The telephone chip protocol
Data transmission is illustrated here using a phone card containing an Infineon SLE4403 chip as an example. The memory in this IC is bit-oriented, which means that all operations are carried out on individual bits. Other types of chips may have protocols that differ from the protocol described here. However, the basic data transmission principles are the same for all synchronous cards. Data are transmitted using three leads. The bidirectional data lead is used by both the card and the terminal to exchange single-bit data. The clock lead transmits the clock generated by the terminal to the card. This clock provides the reference for the synchronous data transmission. The third connection needed for the data transmission is the control lead. It determines what the chip actually does, based on the states of the other two leads. In principle, complete control of a memory card requires the chip’s logic circuitry to decode four different functions. These are read, write, clear memory and increment the address pointer.
A memory card has a global memory pointer that can be used to address all memory regions bit by bit. If the pointer reaches the upper memory boundary, it rolls over to zero. With a bit-oriented chip design, it then points to the first bit in memory. One of the functions of synchronous data transmission is to reset this pointer to an initial value, which is normally zero. The next function is to read data from the memory. The other two functions are writing and erasing EEPROM bits. Erasing EEPROM bits, which would allow them to be rewritten, is of course blocked in phone cards, since otherwise the cards could be reloaded.
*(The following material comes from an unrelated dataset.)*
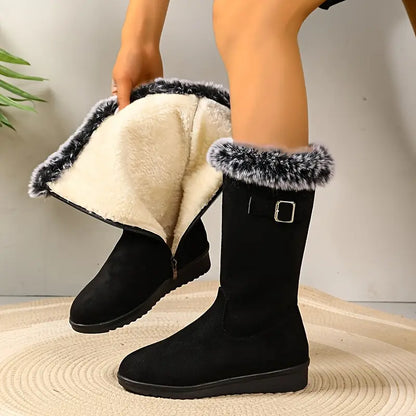 Black winter boots with fur trim worn by a person on a neutral background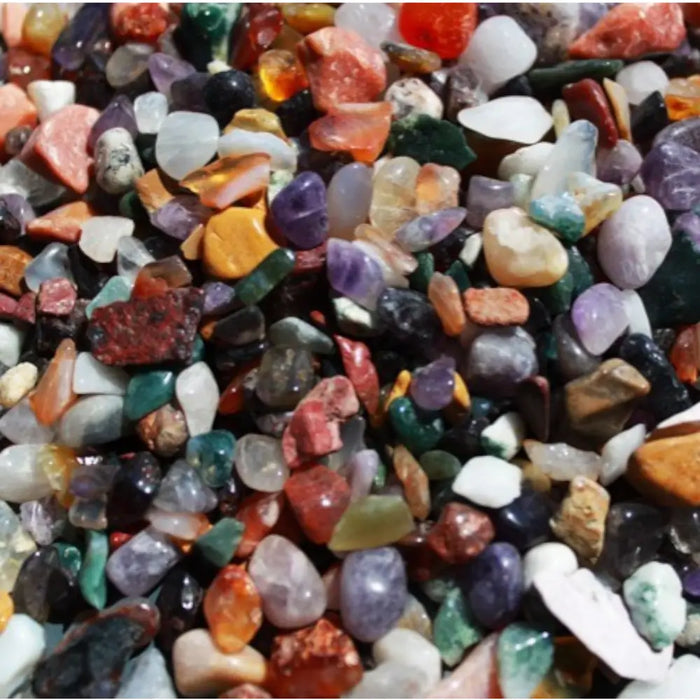 A vibrant mix of polished multicolored gemstone chips in various shapes and sizes weighing one kilogram natural stones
Resetting the address pointer
The address pointer is reset to its initial value of zero by the power-up logic of the card if the clock lead and the control lead are simultaneously at a high level. However, the control pulse must be applied for a somewhat longer interval than the clock pulse, in order to prevent the address from being immediately incremented. The address pointer should be reset to its original value after each activation sequence, since it would otherwise be pointing to an undefined address.

Incrementing the address pointer and reading data
If there is a rising edge on the clock line while the control lead is at a low level, the internal logic of the card increments the address pointer by one. The falling edge of the clock causes the content of the address indicated by the pointer to be placed on the data lead. If the pointer reaches its maximum value, which depends on the size of the memory, it rolls over to zero and thus starts over from the beginning.

Writing to an address
If the address pointer is within a writeable EEPROM region, the value on the data lead can be written to EEPROMby applying a high level to the control lead and then pulling the clock lead low. The length of the write cycle is determined by the duration of the immediately following clock pulse. If the bit was written correctly, the content of the written memory cell appears at the data output.

Erasing bytes
Part of the EEPROMmemory in a typical phone card is always organized as a multi-place octal counter. If a byte has to be erased in this counter due to a carry to the next place, this is performed by the logic circuitry. Erasing a byte in memory is thus somewhat more complicated. The procedure is as follows: if a bit within a byte is written twice in a row, the chip’s hardware logic automatically erases the associated less significant byte. This ensures that a carry to the next higher place occurs, while the lower place is erased without allowing any opportunity for fraud. The four types of access that have been described may vary from chip to chip and also among manufacturers. Another type of data transmission, which by contrast is standardized, is represented by the I2C bus. Many of the newer memory cards use this bus for communicating with the terminal. This naturally has the advantage that different chips, made by different manufacturers, can be used together within a single system. Problems due to several different transmission protocols are thus eliminated, since all chips are mutually compatible at the transmission interface.